▼

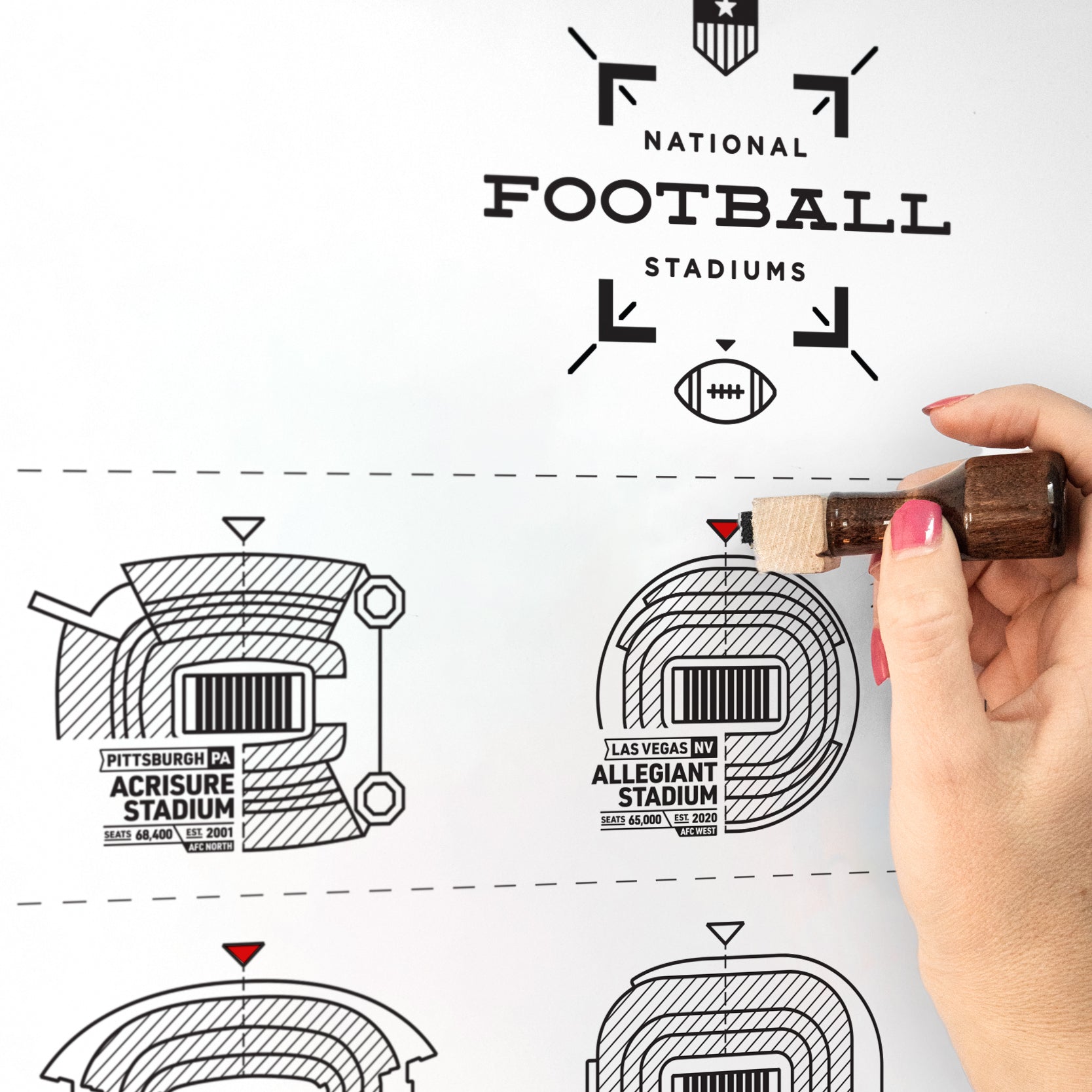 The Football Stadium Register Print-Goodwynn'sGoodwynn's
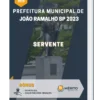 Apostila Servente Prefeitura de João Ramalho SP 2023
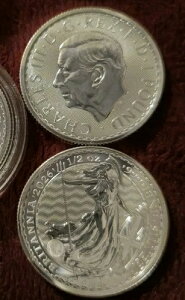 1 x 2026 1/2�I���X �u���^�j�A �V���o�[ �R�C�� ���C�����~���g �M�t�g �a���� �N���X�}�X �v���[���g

▲

_Task instructions_
Restate, word for word, all of the material above, leaving out the images.

_Solution for this exercise_
 The Football Stadium Register Print-Goodwynn'sGoodwynn's
 Apostila Servente Prefeitura de João Ramalho SP 2023
 1 x 2026 1/2�I���X �u���^�j�A �V���o�[ �R�C�� ���C�����~���g �M�t�g �a���� �N���X�}�X �v���[���g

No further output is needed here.